Dertlerine derman bulabilir mi bilemem? Ama “Vah zavallı ben” diyerek kurban rolü oynadığını anlayacaktır o kesin. Ve eğer artık hayatının kahramanı olmak isterse, yola çıktığında kitabın yardımı elbette olacaktır. Bana o kadar çok mesaj geldi ki, “Ee hani hayatımda bir şey değişmedi, torpilin hepsini sen kaptın hoca yaa” diyen. Hatta çok güldüğüm bir e-mailden bahsedeyim. Amcam aynen şöyle yazmış “Ee tabii senin tuzun kuru, takmışsın hatunu koluna, Amerikalarda neyin yaşıyon”! Sanırım başka bir kitabı okuyup bana mesaj atmış. Ben kurbanın önde gideni idim. Hep aksilikler beni bulurdu, hayat hep bana acımasızdı, haksızlıklar hep bana yapılırdı. Sonra bir gün fikrimi değiştirdim. “Yahu ben de becerebilirim bazı şeyleri, ben de iyi ve huzurlu bir hayatı hak ediyorum” dedim kendime. Böylece hayatımın kahramanı olmaya başladım.
Gerçek bir çılgınsın. Yayıncın da en az senin kadar çılgın tamam da, kitabın kapağı neden ayna sahiden?

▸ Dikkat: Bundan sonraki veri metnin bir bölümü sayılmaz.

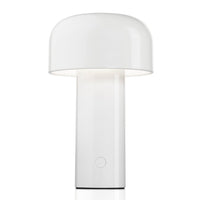 The Flos Bellhop Portable Lamp, IP54, is a modern, cordless white table lamp with a cylindrical base and dome-shaped shade, featuring an easy-to-use circular button near the bottom for control.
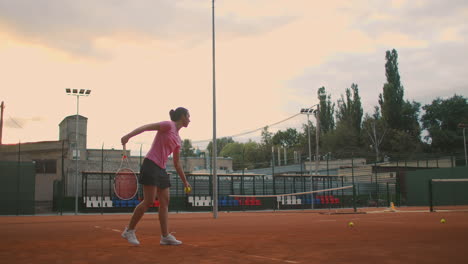 slow motion of woman making tennis serve. slow motion: section of woman bouncing ball on tennis court. athlete serves the tennis ball. young woman is hitting the ball with her tennis racket at sunset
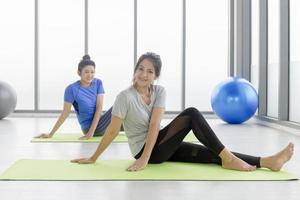 Two middle-aged Asian women are doing rubber mat yoga in the gym.
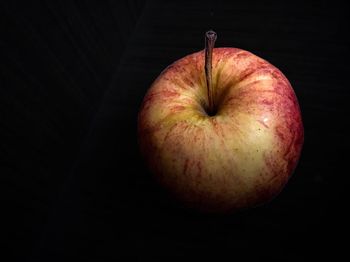 High angle view of apple on table against black background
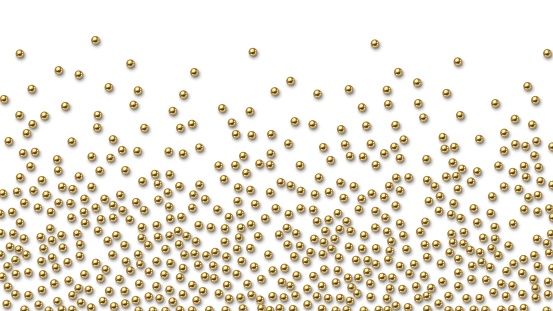 Golden balls scattered on white background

Aslında bu bir sürpriz olacaktı; yani kitap raflara çıkana kadar açıklamayacaktık ama kitabın gecikmesinin yegane nedeni kapak tasarımı. Bu kitap ile asıl vermek istediğim mesaj, herkesin kendi doğrusunun doğru olduğu. Bunu nasıl kafalarına kazıyabilirim diye düşünürken, yıllar önce izlediğim bir film aklıma geldi. Adamın biri Evrenin Sırları’nın yazıldığı kitabı bulmak için düşer yollara. Yol boyunca farklı canavarlar ile mücadele ettikten sonra gelir bir tapınağın kapısına. Tapınağı koruyan rahipten kitabı ister. Rahip son derece nazik bir şekilde derki ‘İstersen bu kitaba hiç bakma, sen de benim gibi koruyucusu ol çünkü içinde gördüklerin hiç hoşuna gitmeyebilir’ Kahramanımız inatla kitabı okumak ister ve kitabın sayfalarını çevirmeye başlar. Her sayfa aslında bir aynadır. Kitapta yazılı hiç bir şey yoktur... Bunu yayıncım Namık Kemal Atalay’a ilk anlattığımda, ‘Nasıl yani yazmayacak mısın içine bir şey?’ dedi. Sonra anladı sadece kapağı ayna yapmak istediğimi. Ayna resmi değil, ayna gibi görünen bir şey değil, gerçek ayna! Ve yüzlerce prototip hazırlandıktan sonra, kırılmayan bir ayna bulmayı becerdik. Şimdi her kopyanın kapağı tek tek elle hazırlanıyor.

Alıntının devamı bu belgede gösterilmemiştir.